“Si votre justice ne surpasse pas celle des scribes et des pharisiens, vous n’entrerez pas dans le royaume des Cieux ». (Mt 5,20)

Cette parole de Jésus a de quoi étonner : les pharisiens sont des observateurs tellement zélés et rigoureux des 613 préceptes de la Loi de Moïse que l’on ne voit pas comment on pourrait faire mieux. Mais en fait, Jésus nous invite, non pas à s’attacher à la lettre de la loi de Moïse mais, à en observer l’esprit. Avec l’autorité qui est celle de l’auteur de la Loi, Jésus la décortique et en découvre le noyau à ses auditeurs – un noyau incandescent qui n’est autre chose que l’Amour. Finalement, la Loi ne constitue que des « béquilles » qui nous aident à faire nos premiers pas dans l’amour.
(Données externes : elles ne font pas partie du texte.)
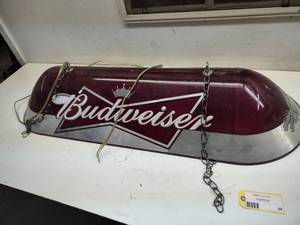 lot 20 image: Budweiser Pool Table Light, No Plug...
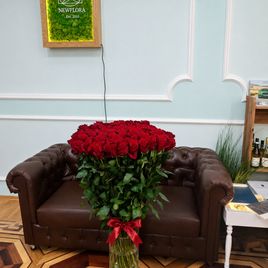 Букет 101 красная роза высотой 120 см (Эквадор)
Et Jésus nous invite à lâcher nos béquilles, à aller au-delà des préceptes,  et à marcher d’un bon pas sur le chemin de l’amour.

Je voudrais à titre d’illustration commenter la fin de l’évangile de ce dimanche : « Que votre oui soit oui et que votre non soit non » (Mt 5, 37). Il est équivalent au commandement : « tu ne mentiras pas ».

Évidement, ne pas mentir va parfois à l’encontre de nos intérêts immédiats.

Je connais un oncle qui donnait ce conseil à son neveu : « Dis toujours « oui ! ». Vous savez pourquoi ? En créole, on dit : « oui pas ni poutchi » ce qui se traduit : « un oui n’appelle pas de pourquoi ». En effet, supposons que l’on vous demande quelque chose ; par exemple : « Pourras-tu m’amener en voiture chez le médecin demain ? » Et que vous répondiez : « non ! » On va vous rétorquer : « Pourquoi ne peux-tu pas me rendre ce service ? » Et vous serez obligés de vous justifier. Tandis que si vous dites « oui ! » même si vous êtes sûr de ne pas venir, on va vous laisser tranquille… Mais le lendemain le malade va rater son rendez-vous avec le médecin et il saura qu’il ne peut pas compter sur vous. Vous en serez débarrassé pour longtemps sans doute. Mais à quel prix ? Vous connaissez le dicton : « La parole de l’homme vaut l’homme ». Si ta parole ne vaut rien, tu es quelqu’un d’inconsistant, une chimère.

En fait, on le voit clairement dans notre exemple : mentir au malade qui me demande un service est un manque d’amour envers lui. Si je l’aimais, je ne l’aurais pas  fait perdre son rendez-vous avec le médecin. On voit que le noyau du commandement « tu ne mentiras pas » est l’amour. Amour envers le prochain et envers moi-même car en définitive, Jésus l’a dit : « la vérité vous rendra libre ». Le Père du Mensonge nous ligote et nous éloigne du Royaume de Cieux chaque fois que  nous nous  éloignons de la vérité.

Demandons au Seigneur que notre justice dépasse celle des pharisiens qui s’attachent à la lettre des préceptes ; puissions-nous, par la grâce de l’Esprit-Saint, pratiquer les commandements de Dieu dans la vérité de l’amour et entrer triomphalement dans le Royaume des cieux.